Well, here we are at the last City Council meeting this term. I feel…sad? Sure, it’s been a fucked-up, dysfunctional four years, but it was never boring.

The Tenth Doctor saying "I don't want to go" before regenerating

After the jump: the Ombudsman is mad as hell and isn’t going to take it anymore; mid-rise invasion; transit recommendations of varying utility; and more. You can find the full agenda here. Let me know in the comments if there’s anything I missed!

Election, Ethics, Etc.

  • Election signs!

  • The Integrity Commissioner has found that Cllr Augimeri violated the Code of Conduct by calling political rival Gus Cusimano a criminal. Augimeri has since apologized as requested, and the IC recommends covering Cusimano’s legal fees. Starring Daniel Day-Lewis in There Will Be Drama.

  • The Integrity Commissioner and Ombudsman have both released reports.

    “There is increased scrutiny on the actions of elected officials at the City of Toronto. With greater scrutiny comes greater demand for accountability,” writes the Integrity Commissioner in her annual report. Over her five-year term the office has seen a significant increase in informal complaints and requests for advice—not necessarily bad news, she points out, because it shows that people trust the process to work. The one change she’s suggested is for reports on Code of Conduct or Complaint Protocol matters to go directly to City Council, instead of to Executive Committee where they can totally shelve it like they did earlier this year.

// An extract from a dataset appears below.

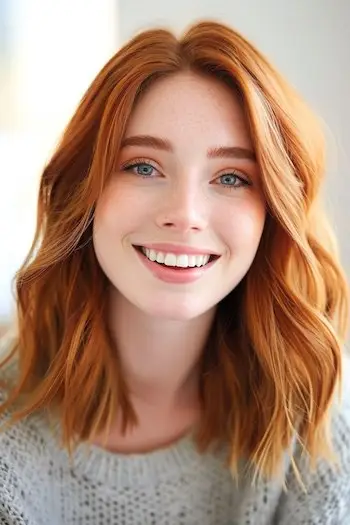 Měděný vlnitý Lob účes.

    In her five-year review, the Ombudsman also remarks that, as public awareness of her office has increased, they have seen a constant rise in complaints and requests for advice. But the “severe and chronic lack of resources…threatens to cripple the operations of the Office”—especially when it comes to systemic investigations and public outreach. Their efforts to serve the marginalized, lower-income populations of the inner suburbs “are no longer sustainable with the current resources”. If Council continues to starve the office, warns the Ombudsman, she will prioritize the most essential complaints first—housing, access to services—implement a complaints backlog for the rest, and complainants will be told how long they can expect to wait and why. “Fuck you, pay me,” she concludes.

Not In My Backyard

Yes In My Backyard

Is This My Backyard?

  • Determining whether a certain spot is on “City property” or not can be something of a thorn in the side of various City staff, property owners, and members of the public. Cllr Wong-Tam is proposing adding small, inobtrusive markers, like New York City does, to delineate property lines in key locations.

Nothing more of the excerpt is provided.